*Task to complete:* Go through the data below. List every line that holds the word "Chapter".

*Data supplied:*
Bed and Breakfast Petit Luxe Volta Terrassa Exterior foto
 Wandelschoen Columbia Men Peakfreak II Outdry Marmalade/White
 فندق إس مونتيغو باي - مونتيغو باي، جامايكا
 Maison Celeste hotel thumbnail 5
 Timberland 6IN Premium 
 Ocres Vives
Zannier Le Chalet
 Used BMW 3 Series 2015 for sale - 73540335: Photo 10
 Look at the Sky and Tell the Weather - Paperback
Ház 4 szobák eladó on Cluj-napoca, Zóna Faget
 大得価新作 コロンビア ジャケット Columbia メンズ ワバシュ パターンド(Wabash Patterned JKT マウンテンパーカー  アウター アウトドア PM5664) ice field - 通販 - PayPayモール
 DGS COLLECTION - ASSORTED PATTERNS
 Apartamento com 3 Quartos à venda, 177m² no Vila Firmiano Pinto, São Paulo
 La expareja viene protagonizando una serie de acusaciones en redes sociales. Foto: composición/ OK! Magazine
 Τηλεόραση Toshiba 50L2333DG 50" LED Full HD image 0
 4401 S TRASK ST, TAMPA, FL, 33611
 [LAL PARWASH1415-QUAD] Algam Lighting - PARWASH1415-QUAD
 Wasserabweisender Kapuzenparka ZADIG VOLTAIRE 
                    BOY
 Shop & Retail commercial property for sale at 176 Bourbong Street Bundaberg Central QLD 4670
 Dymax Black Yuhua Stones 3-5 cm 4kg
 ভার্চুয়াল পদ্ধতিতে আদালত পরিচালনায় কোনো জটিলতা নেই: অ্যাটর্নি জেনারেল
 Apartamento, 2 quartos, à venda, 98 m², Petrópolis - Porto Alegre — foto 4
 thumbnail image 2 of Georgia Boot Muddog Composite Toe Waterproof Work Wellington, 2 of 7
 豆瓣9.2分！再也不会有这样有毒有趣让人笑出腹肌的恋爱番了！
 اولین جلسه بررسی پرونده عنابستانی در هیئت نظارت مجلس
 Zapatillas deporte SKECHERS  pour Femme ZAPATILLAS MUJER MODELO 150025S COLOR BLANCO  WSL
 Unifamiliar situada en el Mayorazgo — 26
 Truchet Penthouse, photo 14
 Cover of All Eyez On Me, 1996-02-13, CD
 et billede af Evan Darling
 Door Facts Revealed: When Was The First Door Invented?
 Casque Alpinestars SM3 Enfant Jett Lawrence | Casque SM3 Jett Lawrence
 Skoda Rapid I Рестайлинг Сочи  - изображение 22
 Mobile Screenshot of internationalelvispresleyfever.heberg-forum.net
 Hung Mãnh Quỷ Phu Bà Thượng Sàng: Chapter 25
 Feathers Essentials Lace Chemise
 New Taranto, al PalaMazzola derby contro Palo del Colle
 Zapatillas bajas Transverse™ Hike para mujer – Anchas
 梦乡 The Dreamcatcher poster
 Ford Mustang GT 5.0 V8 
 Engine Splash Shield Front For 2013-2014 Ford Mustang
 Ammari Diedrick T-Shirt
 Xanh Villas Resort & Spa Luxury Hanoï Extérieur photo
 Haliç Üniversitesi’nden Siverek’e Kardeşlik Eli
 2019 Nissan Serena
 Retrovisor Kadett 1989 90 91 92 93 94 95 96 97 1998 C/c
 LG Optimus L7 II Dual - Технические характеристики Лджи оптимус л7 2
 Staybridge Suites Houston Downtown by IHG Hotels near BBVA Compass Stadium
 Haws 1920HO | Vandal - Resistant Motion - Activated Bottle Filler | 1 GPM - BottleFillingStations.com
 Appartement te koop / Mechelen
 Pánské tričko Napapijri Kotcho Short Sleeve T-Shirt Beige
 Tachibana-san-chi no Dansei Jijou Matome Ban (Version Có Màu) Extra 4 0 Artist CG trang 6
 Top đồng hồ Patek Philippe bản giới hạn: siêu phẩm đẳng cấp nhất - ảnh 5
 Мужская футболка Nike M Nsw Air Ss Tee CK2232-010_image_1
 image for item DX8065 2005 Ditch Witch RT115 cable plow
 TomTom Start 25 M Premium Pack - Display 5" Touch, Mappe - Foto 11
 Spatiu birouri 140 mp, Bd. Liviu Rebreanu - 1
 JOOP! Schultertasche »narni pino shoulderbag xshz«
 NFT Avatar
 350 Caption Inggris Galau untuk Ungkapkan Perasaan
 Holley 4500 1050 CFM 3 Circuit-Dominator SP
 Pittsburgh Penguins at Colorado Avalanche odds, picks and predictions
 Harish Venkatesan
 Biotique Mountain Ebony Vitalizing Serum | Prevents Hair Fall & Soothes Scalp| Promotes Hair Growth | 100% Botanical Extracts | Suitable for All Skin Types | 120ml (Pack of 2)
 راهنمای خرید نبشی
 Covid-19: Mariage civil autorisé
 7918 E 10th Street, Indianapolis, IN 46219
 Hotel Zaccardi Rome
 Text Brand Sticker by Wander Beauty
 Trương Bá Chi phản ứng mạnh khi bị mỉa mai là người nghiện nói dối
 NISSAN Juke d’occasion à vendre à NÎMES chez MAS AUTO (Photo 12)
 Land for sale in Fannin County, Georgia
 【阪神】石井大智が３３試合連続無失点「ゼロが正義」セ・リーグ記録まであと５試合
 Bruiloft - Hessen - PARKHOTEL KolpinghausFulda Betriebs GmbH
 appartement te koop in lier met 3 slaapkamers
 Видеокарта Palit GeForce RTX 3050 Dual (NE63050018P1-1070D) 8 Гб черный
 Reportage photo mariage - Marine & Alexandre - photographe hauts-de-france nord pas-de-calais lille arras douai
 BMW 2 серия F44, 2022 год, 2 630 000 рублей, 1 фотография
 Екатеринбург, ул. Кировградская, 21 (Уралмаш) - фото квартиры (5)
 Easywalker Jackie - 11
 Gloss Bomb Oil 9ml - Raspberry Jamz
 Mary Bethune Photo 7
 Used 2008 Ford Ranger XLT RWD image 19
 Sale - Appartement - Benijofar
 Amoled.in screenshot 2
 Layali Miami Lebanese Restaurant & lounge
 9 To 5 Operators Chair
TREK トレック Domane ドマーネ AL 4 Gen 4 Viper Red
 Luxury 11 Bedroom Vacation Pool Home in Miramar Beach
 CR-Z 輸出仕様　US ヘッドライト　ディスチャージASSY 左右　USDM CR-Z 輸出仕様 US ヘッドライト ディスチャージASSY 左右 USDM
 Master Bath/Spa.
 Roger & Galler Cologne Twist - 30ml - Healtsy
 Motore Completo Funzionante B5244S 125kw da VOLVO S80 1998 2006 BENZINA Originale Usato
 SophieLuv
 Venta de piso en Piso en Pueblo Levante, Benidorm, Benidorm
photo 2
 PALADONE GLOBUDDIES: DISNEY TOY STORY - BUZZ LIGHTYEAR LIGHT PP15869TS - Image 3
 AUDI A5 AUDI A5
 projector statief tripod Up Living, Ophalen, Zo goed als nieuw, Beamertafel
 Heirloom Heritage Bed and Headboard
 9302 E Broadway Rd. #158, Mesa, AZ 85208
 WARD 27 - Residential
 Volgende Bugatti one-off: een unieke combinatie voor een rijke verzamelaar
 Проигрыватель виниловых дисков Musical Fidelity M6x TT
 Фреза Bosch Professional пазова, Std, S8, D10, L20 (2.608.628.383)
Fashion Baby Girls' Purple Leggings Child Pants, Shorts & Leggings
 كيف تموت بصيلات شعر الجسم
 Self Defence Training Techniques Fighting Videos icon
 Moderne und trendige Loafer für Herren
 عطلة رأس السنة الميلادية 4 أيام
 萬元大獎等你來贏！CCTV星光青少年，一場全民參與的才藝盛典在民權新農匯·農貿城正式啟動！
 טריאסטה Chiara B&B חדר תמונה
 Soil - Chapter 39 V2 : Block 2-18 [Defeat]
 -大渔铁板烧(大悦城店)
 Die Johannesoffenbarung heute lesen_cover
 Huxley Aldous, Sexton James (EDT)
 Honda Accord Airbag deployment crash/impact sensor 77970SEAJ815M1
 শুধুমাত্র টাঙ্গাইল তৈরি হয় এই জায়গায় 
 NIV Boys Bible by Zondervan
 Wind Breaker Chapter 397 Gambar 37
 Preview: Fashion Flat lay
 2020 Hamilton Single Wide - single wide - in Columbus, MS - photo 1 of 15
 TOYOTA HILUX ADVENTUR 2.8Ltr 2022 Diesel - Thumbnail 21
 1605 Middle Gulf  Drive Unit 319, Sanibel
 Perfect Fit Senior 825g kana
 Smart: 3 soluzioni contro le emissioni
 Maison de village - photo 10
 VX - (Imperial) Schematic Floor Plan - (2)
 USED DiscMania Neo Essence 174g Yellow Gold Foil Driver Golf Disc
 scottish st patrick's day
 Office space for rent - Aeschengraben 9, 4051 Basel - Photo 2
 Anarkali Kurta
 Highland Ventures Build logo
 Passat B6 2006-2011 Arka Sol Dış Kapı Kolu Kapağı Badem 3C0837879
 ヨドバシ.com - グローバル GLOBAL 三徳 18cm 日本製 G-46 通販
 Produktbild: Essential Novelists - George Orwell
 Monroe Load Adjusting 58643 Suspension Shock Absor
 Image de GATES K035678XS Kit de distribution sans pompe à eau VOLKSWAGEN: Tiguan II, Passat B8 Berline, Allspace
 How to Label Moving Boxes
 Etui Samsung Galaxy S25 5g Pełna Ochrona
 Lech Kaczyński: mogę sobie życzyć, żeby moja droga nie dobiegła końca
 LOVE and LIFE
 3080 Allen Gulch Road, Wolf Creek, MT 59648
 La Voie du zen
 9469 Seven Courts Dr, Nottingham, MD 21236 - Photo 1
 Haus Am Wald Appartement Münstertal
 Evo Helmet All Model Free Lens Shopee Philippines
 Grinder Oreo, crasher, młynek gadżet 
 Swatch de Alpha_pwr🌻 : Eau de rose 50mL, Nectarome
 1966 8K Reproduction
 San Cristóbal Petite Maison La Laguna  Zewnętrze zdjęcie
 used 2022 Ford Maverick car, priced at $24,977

*Solution to the exercise:*
 Hung Mãnh Quỷ Phu Bà Thượng Sàng: Chapter 25
 Soil - Chapter 39 V2 : Block 2-18 [Defeat]
 Wind Breaker Chapter 397 Gambar 37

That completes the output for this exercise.